### Aim of the exercise
Restate all of the following data exactly, keeping any images out of the copy.

### Supplied information
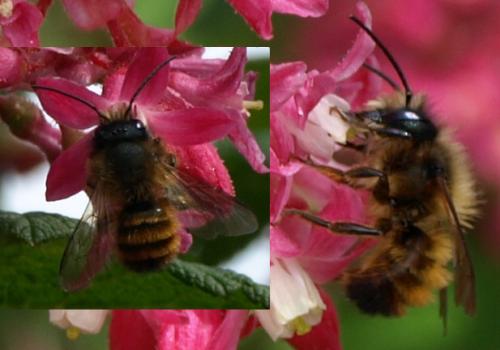 Réf. 128 936 : Osmia bicornis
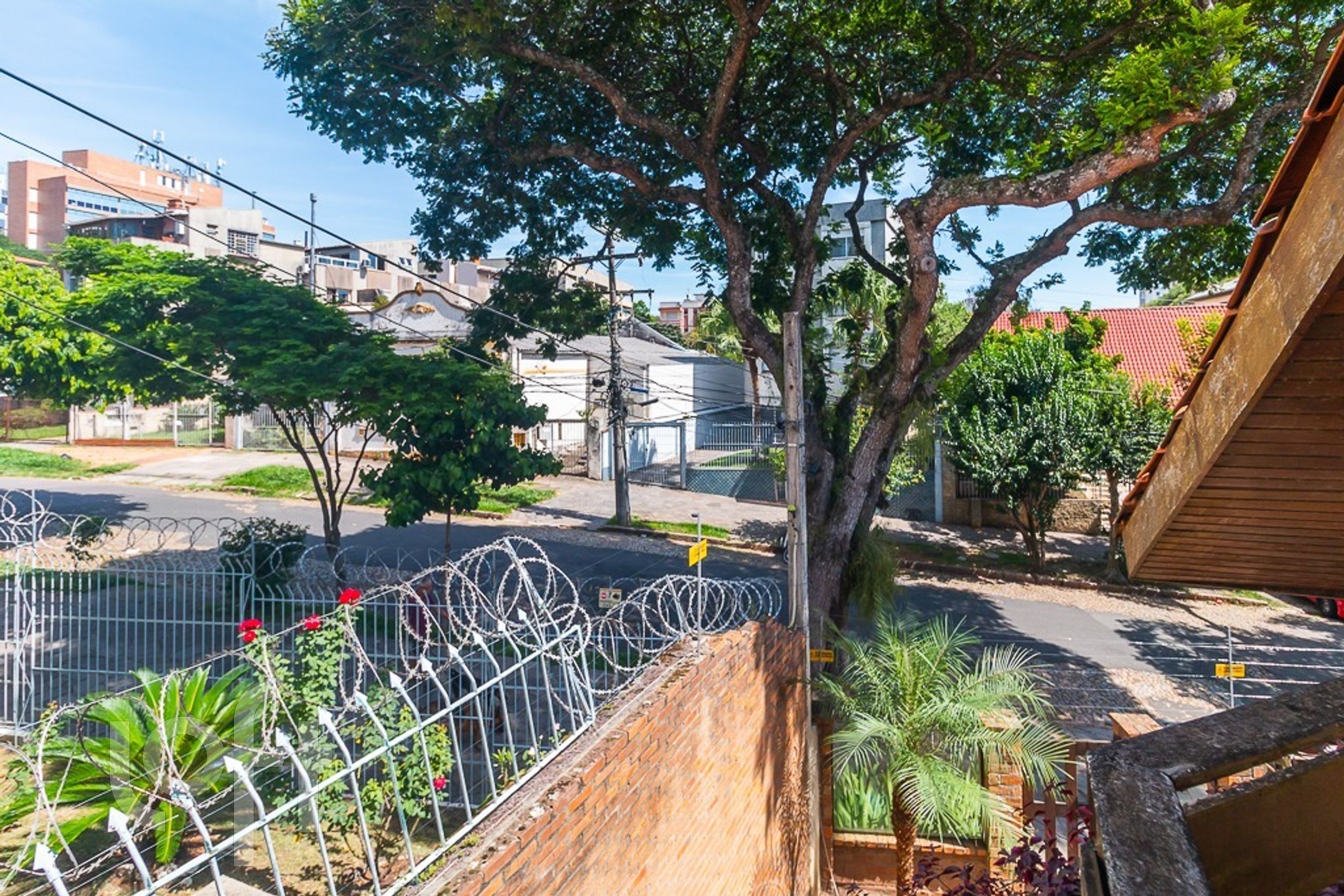 Imagem da propriedade 37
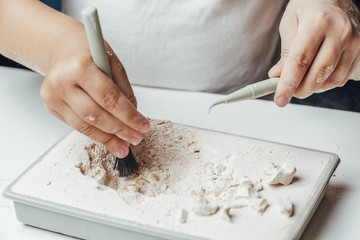Archaeological excavations. hands closeup on a white background. Mammoth skeleton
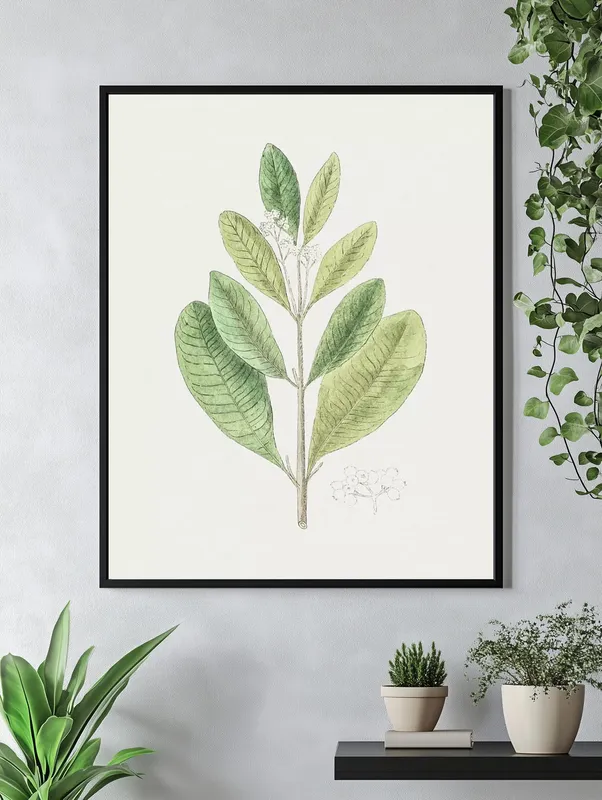 Постер «Листья - Листья душистого перца» над диваном в гостиной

### Task response
 Réf. 128 936 : Osmia bicornis
 Imagem da propriedade 37
Archaeological excavations. hands closeup on a white background. Mammoth skeleton
 Постер «Листья - Листья душистого перца» над диваном в гостиной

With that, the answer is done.